Par Louis Nga Abena – louisngaabena@yahoo.fr
Les bons comptes ne font pas toujours que de bons amis. C’est la réalité qu’éprouve l’entreprise Doh et Frères, spécialisée dans les bâtiments et travaux publics (BTP). Un désaccord l’oppose à la Caisse de Stabilisation des Prix des Hydrocarbures (Csph) au sujet de la construction d’une station-service à Ngoumou, une petite localité située dans le département de la Mefou et Akono. Depuis des années, elle tente vainement de se faire payer une facture de 40 millions de francs auprès de l’entreprise publique.
En février 2019, l’entreprise Doh et Frère avait en effet porté l’affaire devant le Tribunal administratif de Yaoundé où elle sollicitait la condamnation de l’entreprise d’Etat à lui payer des dommages et intérêts pour les préjudices qu’elle dit avoir subis du fait des tergiversations autour de sa facture évoquée. Elle a essuyé un revers le 13 avril 2021. En son absence, le tribunal a rejeté son recours en jugeant ses prétentions non fondées.
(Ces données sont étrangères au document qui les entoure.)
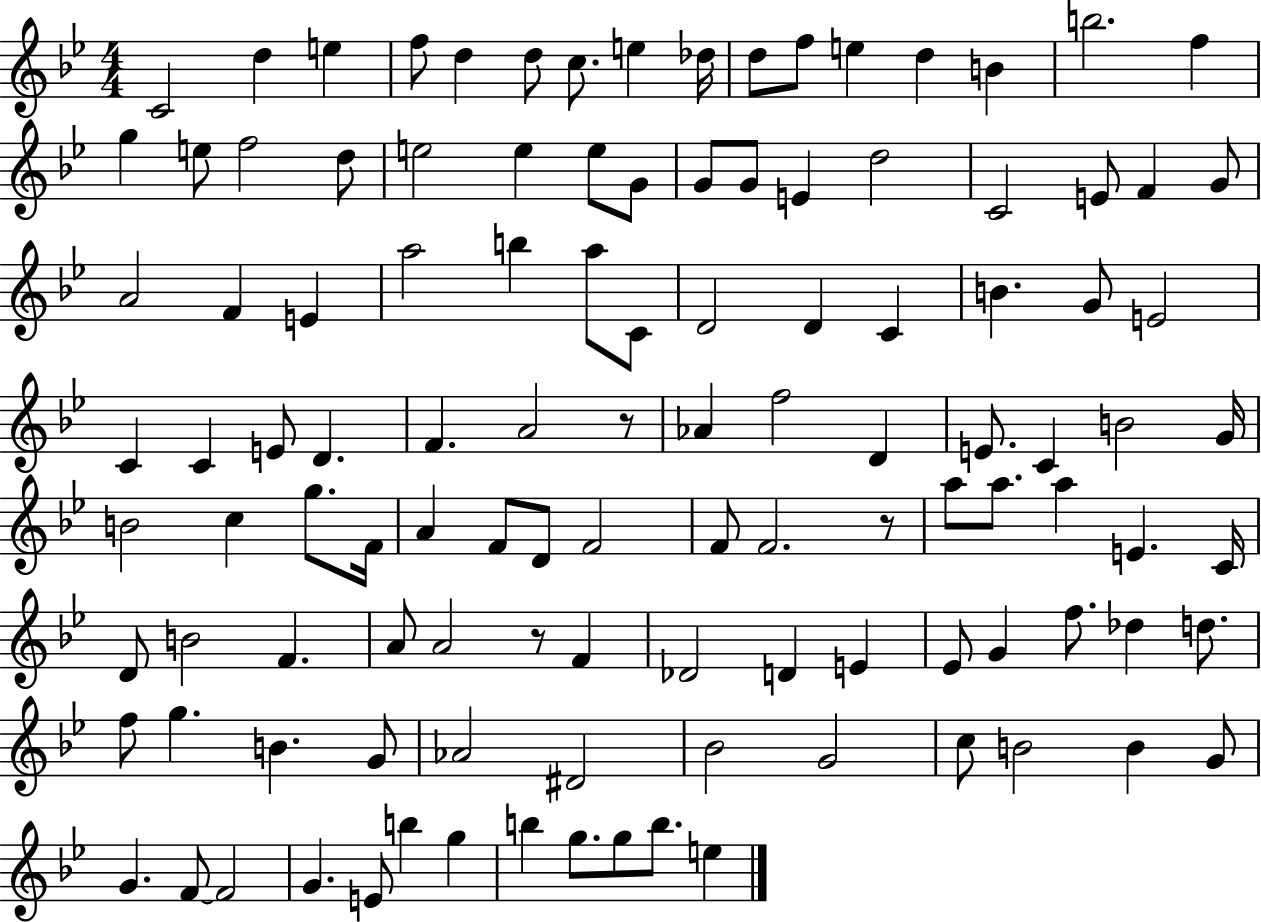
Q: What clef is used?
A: treble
Dans cette affaire, l’entreprise Doh et Frère raconte que le 28 juin 2015, elle avait remporté auprès de la Csph le marché déjà mentionné d’un montant initial de 296 millions de francs. Un an plus tard, en août 2016, elle signait un marché complémentaire (avenant). Ce qui avait porté le montant du marché à 311 millions de francs. Mais la livraison de l’ouvrage, dit-elle, avait nécessité des travaux supplémentaires évalués à un montant de 40 millions de francs. Des travaux supplémentaires qu’elle avait effectivement réalisés. D’ailleurs, ces travaux supplémentaires avaient fait l’objet d’une réception provisoire par la Csph qui n’a formulé aucune réserve. Mais depuis ce temps, l’entreprise publique traîne les pieds pour la réception définitive et, surtout, le paiement de la facture des travaux supplémentaires. Mais la station-service au centre du procès est aujourd’hui exploitée par l’entreprise Tradex. Face à cette situation, elle a engagé les hostilités en saisissant la justice.
Enrichissement sans cause
La version des faits de Doh et Frères est battue en brèche par l’entreprise d’Etat. Pour la Csph, accéder à la demande de Doh et Frères serait cautionner «un enrichissement sans cause». Elle affirme qu’elle n’a jamais autorisé la réalisation des travaux dont se prévaut son adversaire. D’ailleurs, c’est Doh et Frères qui d’autorité a évalué le coût à 40 millions de francs. Or, conformément à l’article 9 du marché querellé, «toute réalisation des travaux doit donner lieu à un ordre de service». Une sorte de quitus valant validation de la commande. La Csph prétend qu’elle n’a jamais donné une telle approbation.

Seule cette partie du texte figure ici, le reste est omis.